Introduction
Comma-separated values (CSV) are an extremely popular format to store tabular data because of their simplicity and how easy is to write them. The file can be directly read by a human, as opposed to more efficient binary formats like parquet, for example:
name,age
Maryam,23
Mèng yáo,56
Ebunoluwa,31
I don't think I'm wrong to think that any data professional or enthusiast had to process a CSV file at some point, whether it's for practice datasets like the Titanic or Iris datasets, for data exported by a client from a spreadsheet or other use cases.
If you care about performance, you may want to avoid CSV files. But since our data sources are often like our family, we can't make a choice, we'll see in this blog post how to process a CSV file as fast as possible.
Since I've been in the pandas core development team for more than 5 years, and a pandas user for much longer than that, I'm very biased on thinking that the de facto standard for many people to process a CSV file is something like this:
import pandas
df = pandas.read_csv("people.csv")
df["age"].mean()
While I think this is still today a reasonable choice, in this blog post I will show many other options, with a particular focus on speed.
Before I continue, I need to make two important disclaimers:
- Execution speed is not always what you care about. Having clear and maintainable code is quite often more important. Time to market can also be a bigger priority. Remember what Donald Knuth said, "premature optimization is the root of all evil".
- Benchmarks don't extrapolate well. The fastest approach for the problem I'm solving, is probably not fastest approach for your problems. Saying "tool X is the fastest" is in general meaningless unless you have the context of what exactly is the task being measured, what is the amount of data, its distribution, the hardware being used...
The problem
For this blog post I defined a simple CSV file and a single task. The CSV has one million rows, a first column with an id that we will ignore, and 8 columns with integer random numbers in the range -2e16 to 2e16.

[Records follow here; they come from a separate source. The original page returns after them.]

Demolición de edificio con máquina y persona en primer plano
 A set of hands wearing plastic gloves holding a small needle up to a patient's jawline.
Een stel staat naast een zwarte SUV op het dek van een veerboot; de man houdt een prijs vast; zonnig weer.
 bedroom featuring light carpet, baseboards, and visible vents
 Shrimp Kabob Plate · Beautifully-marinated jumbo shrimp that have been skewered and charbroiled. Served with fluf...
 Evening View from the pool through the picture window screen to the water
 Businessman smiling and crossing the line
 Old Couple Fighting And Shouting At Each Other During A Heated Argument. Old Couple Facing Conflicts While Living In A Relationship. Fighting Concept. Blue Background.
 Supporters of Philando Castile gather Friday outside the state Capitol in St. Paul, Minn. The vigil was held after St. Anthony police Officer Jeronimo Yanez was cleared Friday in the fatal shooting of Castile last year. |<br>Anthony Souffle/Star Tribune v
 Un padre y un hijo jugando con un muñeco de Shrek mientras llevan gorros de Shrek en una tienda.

The numbers represent the coordinates of points in an 8-D space, and the task is to find how many of them are closer than 1e16 units to the origin. In practice, this is as simple as computing:
math.sqrt(col1 ** 2 +
col2 ** 2 +
col3 ** 2 +
col4 ** 2 +
col5 ** 2 +
col6 ** 2 +
col7 ** 2 +
col8 ** 2)
The idea with this task is to have some CPU computations, but not so many so reading and parsing the file is still very significant.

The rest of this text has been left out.